I started making a shopping list and I've gotten nothing but dirty looks from my girlfriend.. but hey, we can all be in the glorious dogbox that will be Vapecon!

Reactions: Like 2 | Agree 1 | Funny 1


----------



## TheV

I've decided to not do a specific shopping list for this one.

The only definite must for me:
A couple of LG HG2's (at least 6 I think)

Hopefully there will be some DIY discount vouchers! 
I'll be on the lookout for the some nice 810 drip tips.

For the rest I'm gonna go try the different juices and see what I walk away with.
I'm particularly interested in Pumpkin Pie and Panama.

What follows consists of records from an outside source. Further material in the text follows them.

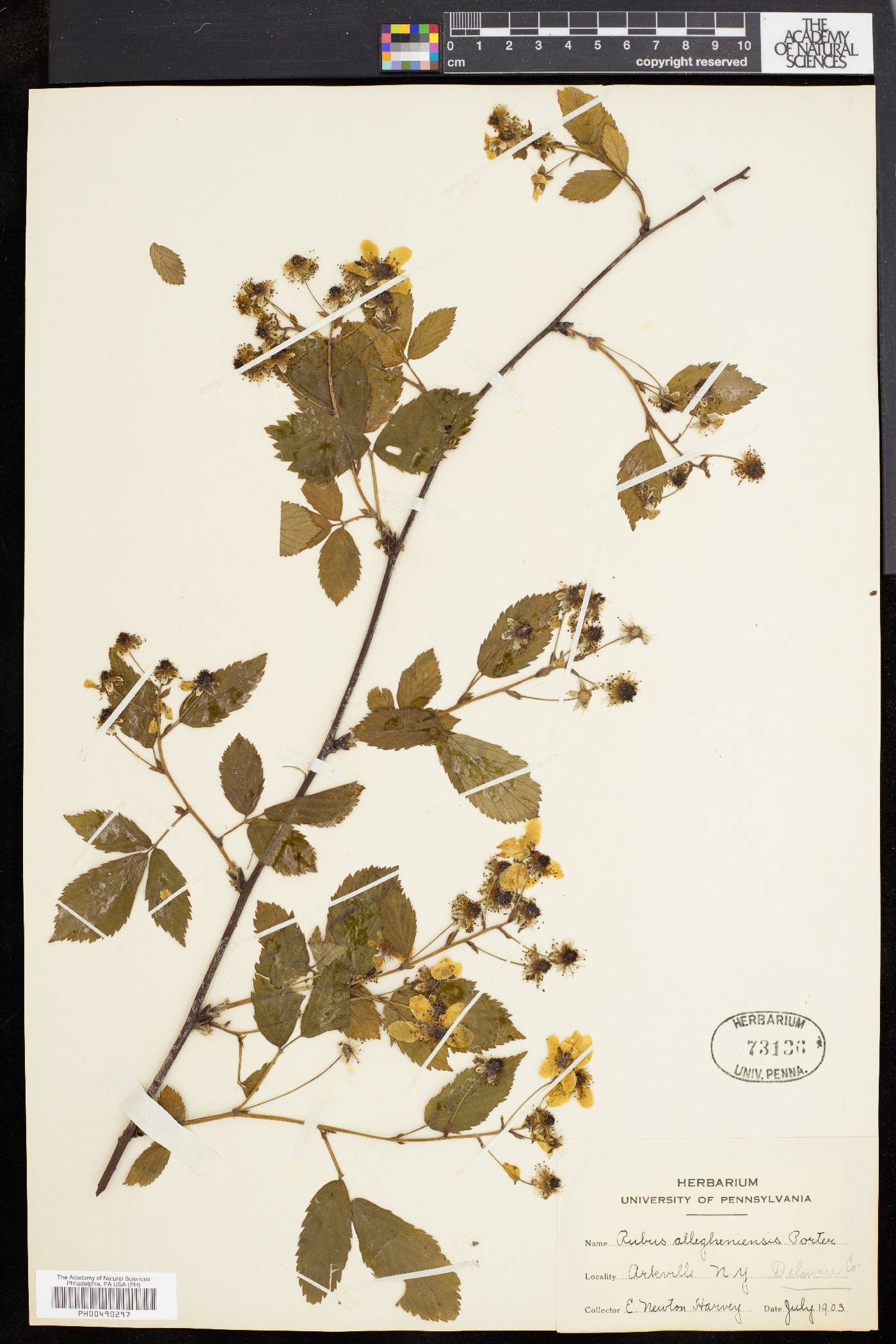 Rubus canadensis image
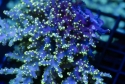 Tonga Acropora BOX LOT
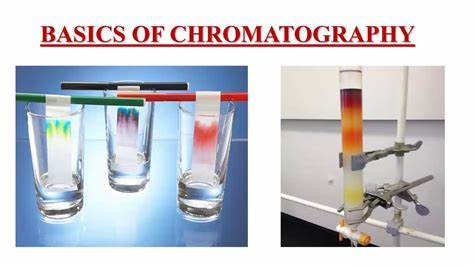 CHE1: CHROMATOGRAPHY 1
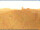 Webcam in Longiano, 10.8 km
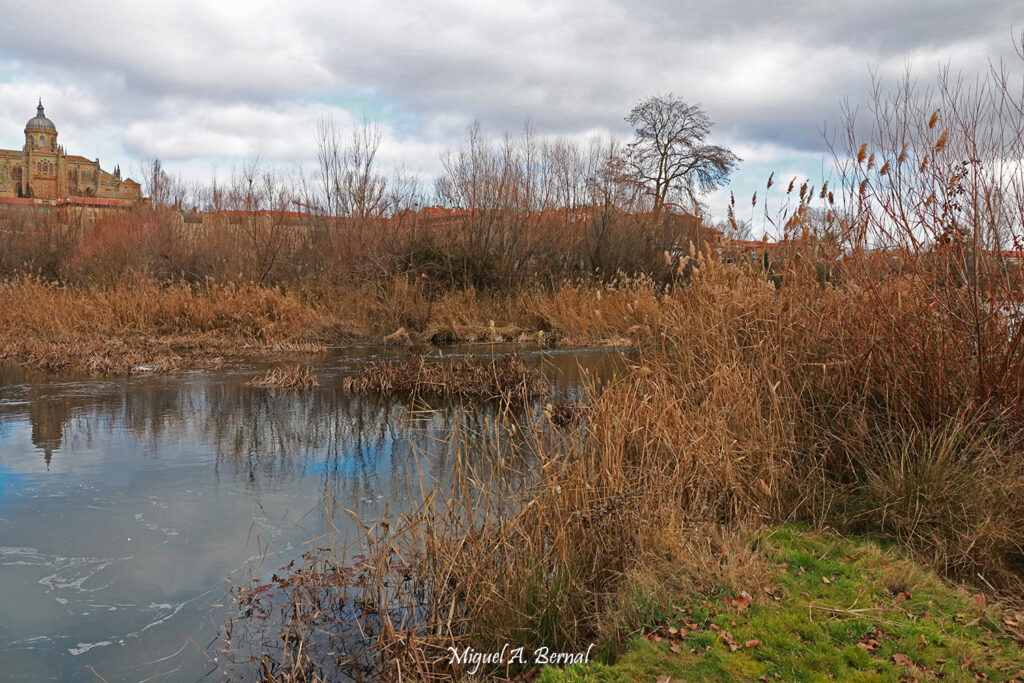 Isla Río Tormes Salamanca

Hardware wise I'm rather sorted at the moment but if I happen to come across any interesting special I have made some provisions.

Reactions: Like 3


----------



## Rafique

All about the juices and specials,

Il be where 100 and 120ml juices on special. just a few below. Can never have enough juice, I just hope all the juices I want will be available in testers

Reactions: Like 3


----------



## ASCIIcat

Stosta said:


> With the VapeCon countdown down to single digits, I thought it would be really cool to see what everyone else's shopping plans are, mostly because I'm worried that I've missed out on something!
> 
> With all the specials going on it's getting really hard to pin down specific things. In all honesty I was pretty much headed up to score a bunch of batteries and that was it. But there are things that have come up that are probably going to be too difficult to refuse!
> 
> So first up I am going to try grab some batteries. There are plenty of specials available, but I'm probably going to go with the LG HG2 special that @ShipWreck are putting up for R100, probably about 8 of them.
> 
> 
> 
> 
> 
> 
> I need to then head over to @Vaperite South Africa and drop a grand so I can get that free Nebox. I've wanted one for too long. So there I'm thinking of picking up a VGOD mech (on special at R800) and then some other things to get me over the R1000 mark.
> 
> 
> 
> 
> 
> 
> 
> 
> 
> 
> Next up is a Rabox from Dragon Vape (@Lim ). Much like the Nebox, despite what everyone says I simply MUST have one!
> 
> 
> 
> 
> 
> 
> I try avoid buying juice simply because I have too much of it, but with the specials and new stuff available it will be hard not to. Specifically:
> 
> 20% off at Juicy Joes (@ShaneW ) I will probably try pick up some of the new releases that I haven't tried yet.
> 3 bottles of 30mls from The Vape Guy (@BumbleBee ) because he is one of few that caters to my higher nic desires, and Pumpkin Pie is something I simply must try!
> Have to be one of the first at the Wicked Wicks (@pecunium ) stand to get a free taster of their new line, specifically the cherry one!
> Anti-Zombie juice from @Old School Alchemist
> Release of Blackout Ice @h2vape
> Drip Society's (@Cruzz_33 ) massive collection of international juices
> @Retro Vape Co Koolberry
> Calamity Jane from Hardiwcks (@method1 )
> And lastly figure out a way to get in on the insanity that is the specials that Vapour Mountain (@Oupa ) has arranged!
> 
> 
> I told my wife how much I planned to spend next Saturday, needless to say I'm in the dogbox for quite a while.
> 
> What's on _YOUR_ VapeCon shopping list?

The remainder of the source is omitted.